Re: Character-set header (was Re: Minutes of the Atlanta 822ext meeting)

Ned,

Your explanation of the reasons for the separate character set header 
was very helpful.  I think I now understand enough of what is going on 
to have an opinion (which is always dangerous).  It seems that there are 
two positions:

* Build a separate header so that you absolutely and for certain know 
where to find the character set info because, when it is meaningful, you 
need to pull it out without understanding how to parse subtypes.

* Keep the information in the subtypes to avoid a number of odd and/or 
nasty and/or meaningless situations.

Now, this may be naive, but couldn't *both* goals be accomplished by 
being a tad more clever about the content-type syntax?  What we have 
now, more or less, is
  type/subtype-and-stuff
where the "and stuff" consists of zero or more parameters whose content, 
meaning, and order are dependent on the subtype.

What would happen if we invented some peculiar charset-delimiting syntax 
and a small restriction s.t., for example:
  (i) If a character set designation appeared, it would be the first 
parameter for the subtype or the subtype itself.
  (ii) Some special syntax or designation were used for that parameter/ 
subtype which would permit one to lexically determine whether the thing 
was a character set designator, even if the subtype itself were not 
recognized.

I don't have RFC-XXXX in front of me and don't recall the current syntax 
proposal, much less the Atlanta conclusions, 
but notions like
    text/=ISO_8859-1
    text-plus/troff =ISO_8859-6;...
come to mind.  In that model,
    foo/bar =abcdef      Identifies a character set, without requiring 
                    you to know the "meaning" of either "foo" or "bar" 
and
    xxx/yyy zzz          Does not identify a character set, no matter 
                    what.
Whether or not the character set designation was permitted would then be 
a function of type and subtype definitions in the same header.

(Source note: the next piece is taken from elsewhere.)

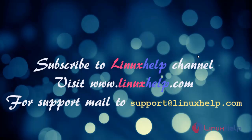Thanks for watching the tutorials. Please subscribe to Linux help channel. For more details, visit www.linuxhelp.com. For more queries, mail to support at linuxhelp.com.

It is, granted, a little odd, and an "=" as an introducer is probably 
not the best model, but wouldn't this permit having one's cake and 
eating it too?  And it would avoid a lot of robustness problems, e.g., 
if some idiot provided two Content-type fields, you might have to guess 
which one to ignore, but you at least wouldn't have to guess which one 
was bound to the one (or two) character set fields.

    john